Je kan morgenochtend nog vertellen hoe erg je schrok, toen je pardoes door het rode licht reed. Je kunt vertellen dat de twee mensen en de hond in hun gordels hingen. Dat je zag hoe er spullen door de auto vlogen. Ook kun je vertellen dat de man al richting het fietspad, dus weg van jou, stuurde. Richting een grote lantaarnpaal. Maar vertel dan ook dat je vergat te remmen en toch doorreed. De man toeterde, remde en stuurde. De vrouw naast de man gilde met haar hand voor haar mond. Zelfs de auto schrok, want die deed raar en er klonk een piepertje in de auto.
Ik schrijf deze brief, uren later. Ik zag je in een flits van links komen, toen ik met redelijke snelheid doorreed bij een groen verkeerslicht. Er is iets met mij aan de hand, waardoor ik nogal veel om me heen kijk en een hoop dingen zie, die anderen pas later zien. Ik zag je koplamp, blond jongetje en in combinatie met mijn groene verkeerslicht ging er een belletje rinkelen in mijn hoofd. Ondanks dat er voor me geen verkeer reed en ik op kon schakelen naar 60 km/u, wachtte ik daarmee. Daardoor kon ik uitwijken, remmen en toeteren. En meer, want in mijn hoofd rekende ik ook al uit hoe ik je het minst zou kunnen verwonden. Hoe je zo veilig mogelijk op mijn, relatief zachte motorkap zou belanden. Ik keek in mijn binnenspiegel voor verkeer achter mij, wat jou verder zou kunnen aanrijden. Maar ik zag mijn hond, veilig dat wel, in zijn gordel hangen.
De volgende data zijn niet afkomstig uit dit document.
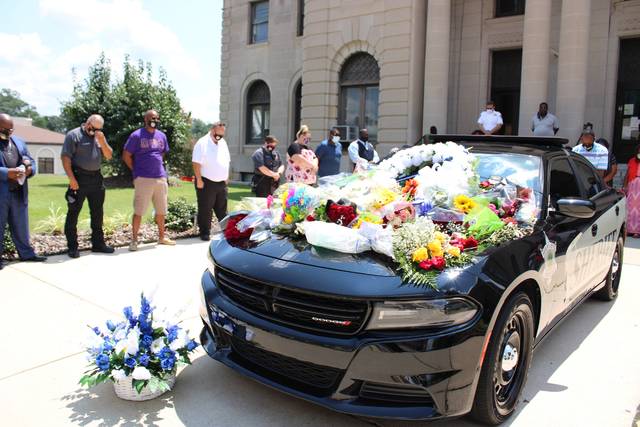 
			
				                                Gavin Stone | Daily Journal
                                Well wishers placed flowers on the hood of a Sheriff’s Office cruiser parked in front of the Courthouse in honor of the passing of Sheriff James Clemmons.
Je keek nog even om, geschrokken, maar toch niet helemaal bewust van hoe klein het oog van de naald was, waardoor jij kroop. Je zag de verbijstering en ontzetting niet van de meneer en mevrouw in dat kleine autootje, met die blonde hond op de achterbank. Je fietste door de berm weg van het ogenblik waarop alles voor iedereen anders had kunnen zijn. Je fietste weg omdat je bang was voor een grote mond misschien. Je zag de tranen van schrik niet bij die mevrouw, die pas door had wat er gebeurd was toen alles al achter de rug was. En daardoor echt niet minder schrok.
Op twee meter afstand na, had je vanavond bijna je laatste ritje richting huis gemaakt, zonder er ooit levend terecht te zijn gekomen. Op twee seconden na, had het leven van twee volstrekt onbekende mensen nooit meer hetzelfde geworden, als voorheen. In twee seconden deed die meneer dingen, die voor hem wel twintig seconden leken. Sturen, remmen, toeteren, kijken, berekenen, wachten op de klap en het bloed, kijken hoe zijn vrouw het er afbracht en in zijn spiegel kijkend hoe zijn hond in zijn tuig aan de gordel pardoes gelanceerd werd.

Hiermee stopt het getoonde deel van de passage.